Anyway, I don't know how anyone can believe in a god, no offence to religious people out there. I'd hate to think that there's someone controlling my life and I'm not in charge myself - because I am. Okay, okay, so maybe I'm not very good at leading my life at times, but at least I am myself. Not a puppet controlled in a play directed by the man upstairs himself.

Of course, every now and then it does feel as if there's something supernatural that's larger than life. But that's not solid proof, and I won't believe god is controlling me until I see him (or her, politically) myself. Yeah, alright, maybe it sounds very narrow-minded to you, especially for a fourteen year old boy who should have a positive outlook on life. But the truth is I don't have a very open mind. I like things the way they are and I like to know that I'm in charge of my life and nobody else - especially not some old man who lives in the clouds and has a son whose name begins with a J. Ugh.

Alright, obviously I cannot ignore music because - well, I just can't. So to make up for the extreme lack of text over the past week or so, I'll give you this seriously awe-inspiring performance by Metallica of arguably their best song of all time. I swear, if there is a god he has to be called James Hetfield and own that beast of a guitar. Anyway, here it is, Moscow, Russia. Massive crowds too.

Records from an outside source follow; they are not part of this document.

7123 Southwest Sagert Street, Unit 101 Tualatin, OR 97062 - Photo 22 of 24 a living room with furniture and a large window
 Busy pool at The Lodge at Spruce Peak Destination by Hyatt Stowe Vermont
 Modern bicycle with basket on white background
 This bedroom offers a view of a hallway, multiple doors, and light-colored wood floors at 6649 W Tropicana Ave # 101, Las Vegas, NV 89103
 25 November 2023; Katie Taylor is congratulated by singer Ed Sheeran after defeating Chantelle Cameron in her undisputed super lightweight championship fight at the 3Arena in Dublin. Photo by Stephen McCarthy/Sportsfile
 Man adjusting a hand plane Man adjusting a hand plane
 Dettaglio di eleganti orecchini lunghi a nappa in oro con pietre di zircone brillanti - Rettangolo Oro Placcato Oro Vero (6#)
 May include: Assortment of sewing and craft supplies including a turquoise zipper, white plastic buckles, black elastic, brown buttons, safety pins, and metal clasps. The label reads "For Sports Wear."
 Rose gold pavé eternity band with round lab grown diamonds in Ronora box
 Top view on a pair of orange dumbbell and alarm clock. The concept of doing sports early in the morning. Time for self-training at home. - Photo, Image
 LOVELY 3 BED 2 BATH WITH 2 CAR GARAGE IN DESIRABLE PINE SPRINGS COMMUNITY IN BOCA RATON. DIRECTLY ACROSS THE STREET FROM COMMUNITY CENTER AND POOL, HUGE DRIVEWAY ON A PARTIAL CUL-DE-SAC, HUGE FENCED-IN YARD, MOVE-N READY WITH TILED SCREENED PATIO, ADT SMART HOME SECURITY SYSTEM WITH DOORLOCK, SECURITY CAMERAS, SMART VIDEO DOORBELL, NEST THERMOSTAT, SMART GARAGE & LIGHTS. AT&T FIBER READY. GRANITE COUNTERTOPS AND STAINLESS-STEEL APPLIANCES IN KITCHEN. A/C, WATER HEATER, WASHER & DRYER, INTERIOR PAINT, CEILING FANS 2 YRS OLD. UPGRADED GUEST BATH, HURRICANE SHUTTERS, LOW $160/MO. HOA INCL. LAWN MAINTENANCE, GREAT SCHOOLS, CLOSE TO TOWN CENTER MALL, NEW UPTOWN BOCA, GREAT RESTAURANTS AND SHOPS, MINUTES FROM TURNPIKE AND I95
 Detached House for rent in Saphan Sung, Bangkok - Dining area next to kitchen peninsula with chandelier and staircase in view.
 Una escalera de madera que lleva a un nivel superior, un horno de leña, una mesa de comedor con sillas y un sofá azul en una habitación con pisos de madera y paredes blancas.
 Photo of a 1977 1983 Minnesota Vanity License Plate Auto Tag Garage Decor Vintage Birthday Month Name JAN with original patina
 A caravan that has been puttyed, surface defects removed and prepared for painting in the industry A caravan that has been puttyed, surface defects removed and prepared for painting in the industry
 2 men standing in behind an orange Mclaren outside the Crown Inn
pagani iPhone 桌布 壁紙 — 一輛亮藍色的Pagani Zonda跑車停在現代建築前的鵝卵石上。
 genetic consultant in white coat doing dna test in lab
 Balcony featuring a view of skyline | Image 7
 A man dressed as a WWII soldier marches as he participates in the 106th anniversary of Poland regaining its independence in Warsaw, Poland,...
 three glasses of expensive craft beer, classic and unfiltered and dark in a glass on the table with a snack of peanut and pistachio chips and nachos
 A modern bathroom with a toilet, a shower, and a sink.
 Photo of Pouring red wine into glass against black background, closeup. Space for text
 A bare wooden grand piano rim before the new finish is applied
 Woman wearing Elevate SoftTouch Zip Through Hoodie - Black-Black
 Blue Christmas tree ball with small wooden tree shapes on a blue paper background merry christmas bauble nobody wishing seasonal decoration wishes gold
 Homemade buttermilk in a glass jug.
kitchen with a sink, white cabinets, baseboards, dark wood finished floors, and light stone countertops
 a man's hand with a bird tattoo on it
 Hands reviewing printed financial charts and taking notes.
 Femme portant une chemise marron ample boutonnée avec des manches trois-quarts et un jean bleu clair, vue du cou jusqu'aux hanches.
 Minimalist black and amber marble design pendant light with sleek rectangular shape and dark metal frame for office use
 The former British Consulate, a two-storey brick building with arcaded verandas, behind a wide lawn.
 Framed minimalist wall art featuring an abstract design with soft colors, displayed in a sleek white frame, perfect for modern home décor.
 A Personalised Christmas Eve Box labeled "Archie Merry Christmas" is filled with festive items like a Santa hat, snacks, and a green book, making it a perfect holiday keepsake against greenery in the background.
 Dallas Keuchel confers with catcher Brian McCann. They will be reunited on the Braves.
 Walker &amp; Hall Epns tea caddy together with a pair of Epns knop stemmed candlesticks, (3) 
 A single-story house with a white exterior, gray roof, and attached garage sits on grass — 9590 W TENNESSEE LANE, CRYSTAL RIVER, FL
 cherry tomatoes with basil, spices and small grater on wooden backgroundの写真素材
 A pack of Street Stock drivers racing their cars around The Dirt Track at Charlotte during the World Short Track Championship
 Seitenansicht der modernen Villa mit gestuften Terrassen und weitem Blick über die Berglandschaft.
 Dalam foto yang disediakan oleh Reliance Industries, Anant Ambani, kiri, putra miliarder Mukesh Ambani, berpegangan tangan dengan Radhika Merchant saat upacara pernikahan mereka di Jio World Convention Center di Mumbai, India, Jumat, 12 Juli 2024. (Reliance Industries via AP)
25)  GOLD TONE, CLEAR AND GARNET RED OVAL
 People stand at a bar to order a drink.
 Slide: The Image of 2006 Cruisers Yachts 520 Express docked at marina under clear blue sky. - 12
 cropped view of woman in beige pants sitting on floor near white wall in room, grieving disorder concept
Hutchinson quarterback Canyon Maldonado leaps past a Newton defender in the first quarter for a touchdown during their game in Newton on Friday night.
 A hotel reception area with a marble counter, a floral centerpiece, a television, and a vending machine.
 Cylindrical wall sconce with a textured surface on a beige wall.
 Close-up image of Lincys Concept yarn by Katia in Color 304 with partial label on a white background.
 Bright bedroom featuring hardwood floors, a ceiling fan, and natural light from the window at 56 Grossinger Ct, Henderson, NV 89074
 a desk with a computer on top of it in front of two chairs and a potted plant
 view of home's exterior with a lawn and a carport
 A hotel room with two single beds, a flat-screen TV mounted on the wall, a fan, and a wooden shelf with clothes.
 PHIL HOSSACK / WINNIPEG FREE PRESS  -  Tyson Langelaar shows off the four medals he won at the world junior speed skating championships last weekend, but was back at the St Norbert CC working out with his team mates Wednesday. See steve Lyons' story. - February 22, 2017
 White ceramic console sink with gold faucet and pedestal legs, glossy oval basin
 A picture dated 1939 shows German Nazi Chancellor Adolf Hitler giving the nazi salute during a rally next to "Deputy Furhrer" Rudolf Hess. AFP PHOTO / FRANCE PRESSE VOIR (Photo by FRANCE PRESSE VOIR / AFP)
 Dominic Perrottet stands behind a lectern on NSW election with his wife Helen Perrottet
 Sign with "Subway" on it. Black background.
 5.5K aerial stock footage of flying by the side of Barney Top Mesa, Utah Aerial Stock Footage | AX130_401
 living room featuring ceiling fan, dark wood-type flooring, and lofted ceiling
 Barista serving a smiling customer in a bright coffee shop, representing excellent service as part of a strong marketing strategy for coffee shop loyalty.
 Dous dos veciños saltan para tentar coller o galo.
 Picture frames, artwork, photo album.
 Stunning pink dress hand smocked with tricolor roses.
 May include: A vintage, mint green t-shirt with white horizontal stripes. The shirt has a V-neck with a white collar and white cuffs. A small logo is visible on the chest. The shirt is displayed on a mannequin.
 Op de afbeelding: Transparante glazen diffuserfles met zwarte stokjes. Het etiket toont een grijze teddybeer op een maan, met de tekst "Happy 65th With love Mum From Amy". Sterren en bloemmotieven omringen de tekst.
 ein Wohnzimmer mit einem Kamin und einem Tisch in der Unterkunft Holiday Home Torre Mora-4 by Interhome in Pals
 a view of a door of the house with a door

I don't know why really, but that classical part at the start with the female opera voice is one of the best parts, despite the fact I don't feel that close to classical. And it perfectly compliments the comparitively soft beginning of the song. Then cue drums and bass guitar, followed by overdrive guitar, then that absolutely AMAZING explosion.

You just have to love it.

Wednesday, 1 April 2009

The addict? I seriously don't think so buddy.

Alright, I feel a rant coming here.

Why the hell have I forgotten for so long to post on this blog? WHY!? It's going to the guitar and I'm still not dedicated. Honestly, I can't think of anything I'd like better than to have that guitar here in my arms, yet I'm just too bloody lazy to actually put some effort into this and MAKE IT WORK. AARGH.

Anyway, now that's gone, on the REAL rant. What the hell are horoscopes for? Okay, I'll grant you sometimes they're relatively accurate, in an obscure and flukish manner. I myself am a Scorpio (November 4th) and the following doesn't describe the week I'm having/had particularly well, if at all.


Alright, I didn't really read properly as I should have. But near the end, it says "finances: fair to good". What? That doesn't make any sense at all - I'm skint and broke, otherwise I'd have that beautiful Epiphone here with me instead of writing on th- phew, stopped myself. Anyway, I accept all donations above the number of £300 (GBP) and will gladly repay you once I'm a bad-ass rockstar or something big-paying like that. Certainly my horoscope doesn't think so. 

Anyway, I'm bored, tired and... um... bored. So see you.